* **WHAT YOU WILL DO**
Copy the complete listing word for word, but do not carry over any images.

* **COLLECTED DATA**
****

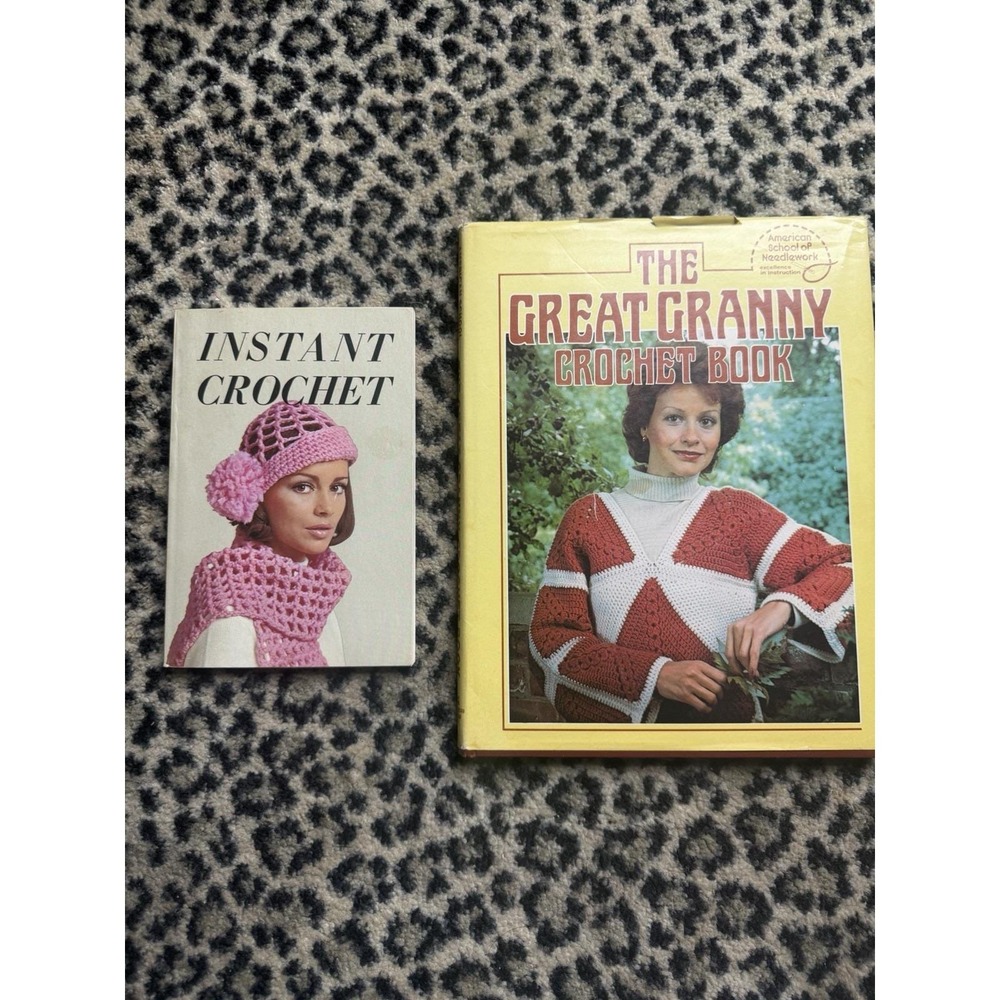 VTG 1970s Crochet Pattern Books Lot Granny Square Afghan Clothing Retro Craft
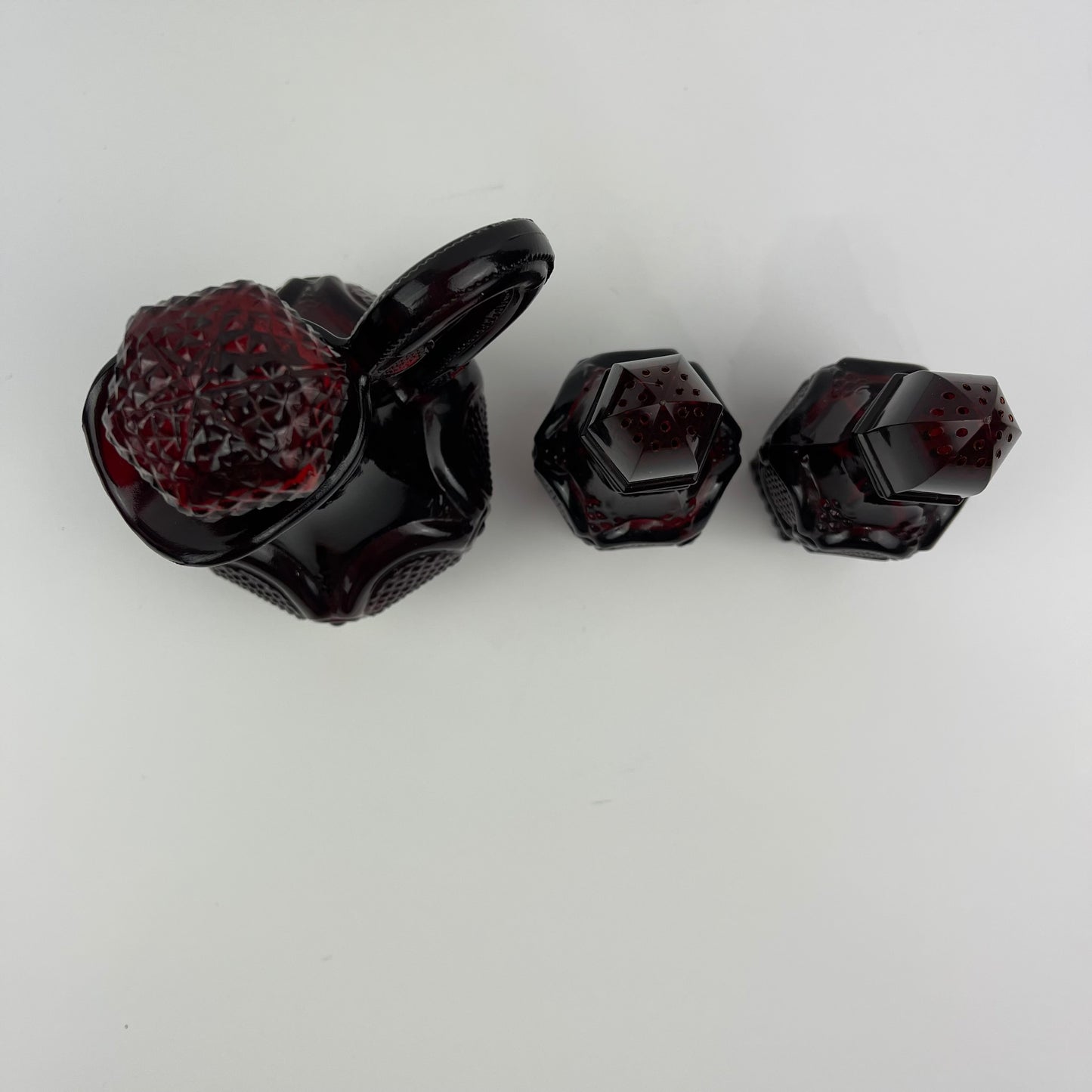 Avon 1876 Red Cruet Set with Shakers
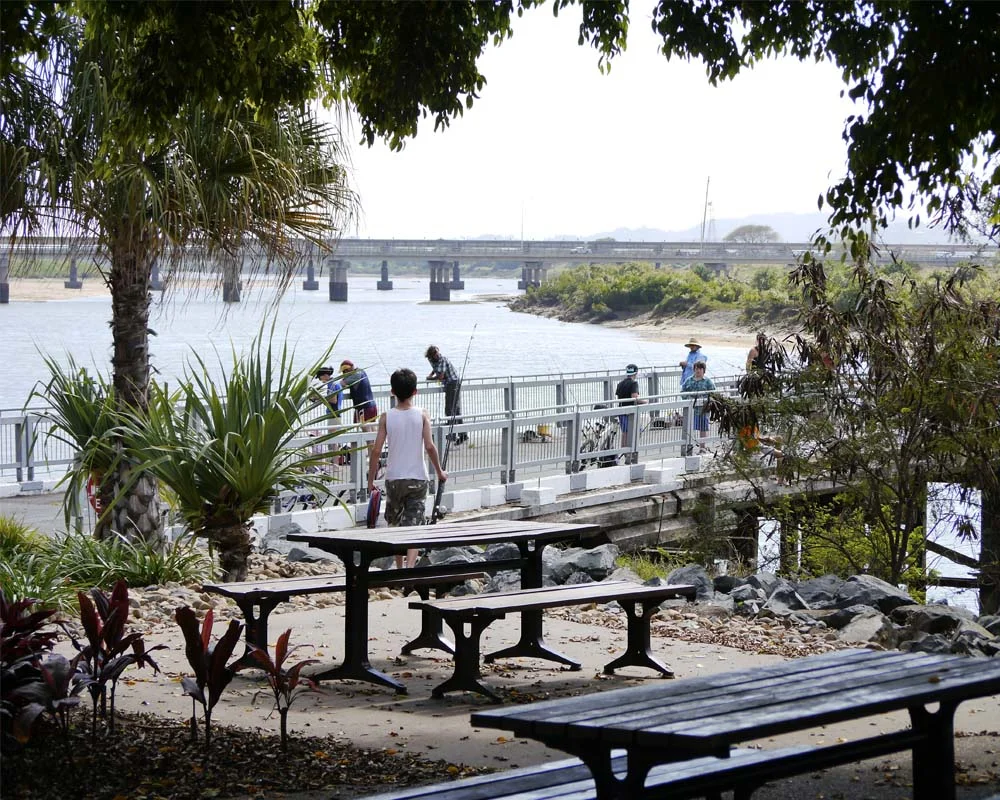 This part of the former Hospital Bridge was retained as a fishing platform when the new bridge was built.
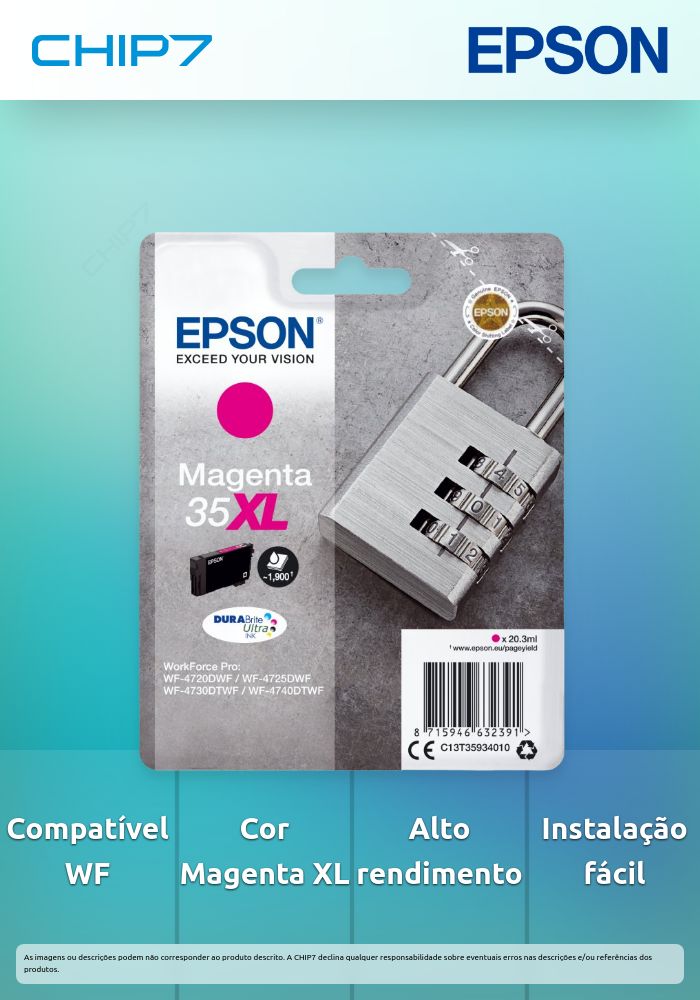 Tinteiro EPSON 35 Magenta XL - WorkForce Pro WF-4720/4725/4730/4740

****

* **WORKED SOLUTION**
 VTG 1970s Crochet Pattern Books Lot Granny Square Afghan Clothing Retro Craft
 Avon 1876 Red Cruet Set with Shakers
 This part of the former Hospital Bridge was retained as a fishing platform when the new bridge was built.
 Tinteiro EPSON 35 Magenta XL - WorkForce Pro WF-4720/4725/4730/4740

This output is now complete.